What does all of this mean? Have we somehow in all of this endangered our own sovereignty? Have we sold our birthright for a mess of pottage? Possibly not, but we have opened the door for other international entrepreneurs to see New Zealand as a soft touch.

Stepping back from the situation we can see that the responses at a number of points may have been less than well considered. NZ Actors Equity felt that it was not getting any response to an appeal for a meeting with the managers over the issue of pay rates and the place of contractors vis-à-vis employees. It seemed reasonable to seek advice in Australia where there is a longer history of film and television employment. The matter of a boycott as a response to non-consideration of negotiating talks is usual but was obviously seen as dangerous by both film administrators and the Government. This assumed danger was played on superbly by Sir Peter at the time of the Warner Brothers executives' visit.

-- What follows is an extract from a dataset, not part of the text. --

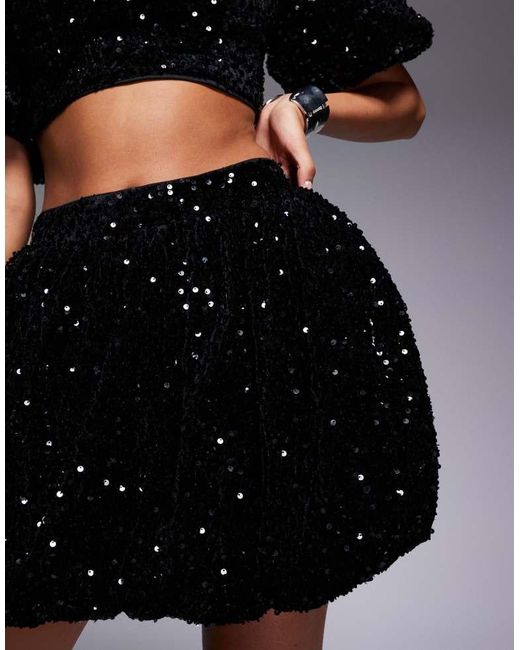 ASOS Black Velvet Embellished Co-Ord Bubble Mini Skirt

In the end, with the imminent and then actual arrival of the Hollywood moguls, and following rallies strongly in support of staging the production in New Zealand, both NZ Actors' Equity and the Government have generously offered positive incentives to ensure Sir Peter Jackson's wish for The Hobbit to be another NZ blockbuster.

In making these breathtakingly rapid responses have we gone too far? Has the Government mortgaged the future in fostering expectations by others that NZ is a great country to make movies in because the Government will do almost anything to ensure satisfaction? Might this reduce our boundaries? Sovereignty, like integrity, is much like any good reputation - hard to gain but most difficult to regain once dented or lost. Perhaps the legacy of all of this may be a successful production, but it will carry a distinct niggle of how it all came about. And that does matter.

--George Davis

First printed as a Connections article in the Parish Weekly Bulletin, November 7, 2010.